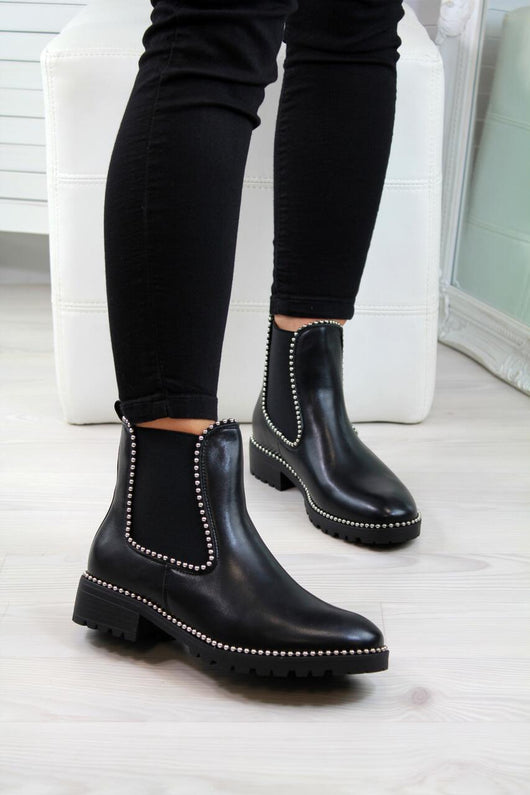 Botines Cortos para Mujer - Estilo y Comodidad - Image 9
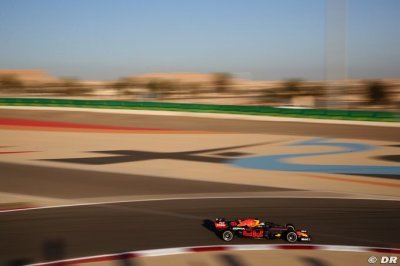 Verstappen voit Perez dans le coup ’tout de suite’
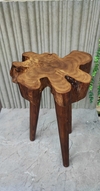 میز عسلی چوبی 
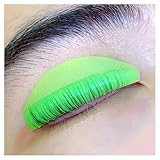 Lash Lift Shields C Curl 8 Size Lifting Pad Rapid Eyelash Shield 2 Curl Version Shiny Perm Rods Make Eyes Extreme Curl and Natural Lifts Flexible Pads Round Rod Elastic Lami Perming Roller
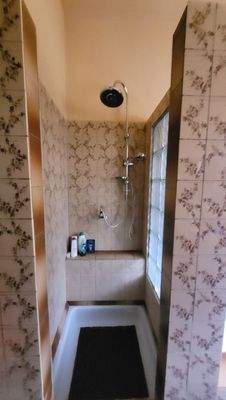 Dusche Badezimmer EG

> [Instructions for the task] Once the pictures are removed, reproduce the remaining entries above exactly.

> [Exercise solution]
 Botines Cortos para Mujer - Estilo y Comodidad - Image 9
 Verstappen voit Perez dans le coup ’tout de suite’
 میز عسلی چوبی 
 Lash Lift Shields C Curl 8 Size Lifting Pad Rapid Eyelash Shield 2 Curl Version Shiny Perm Rods Make Eyes Extreme Curl and Natural Lifts Flexible Pads Round Rod Elastic Lami Perming Roller
 Dusche Badezimmer EG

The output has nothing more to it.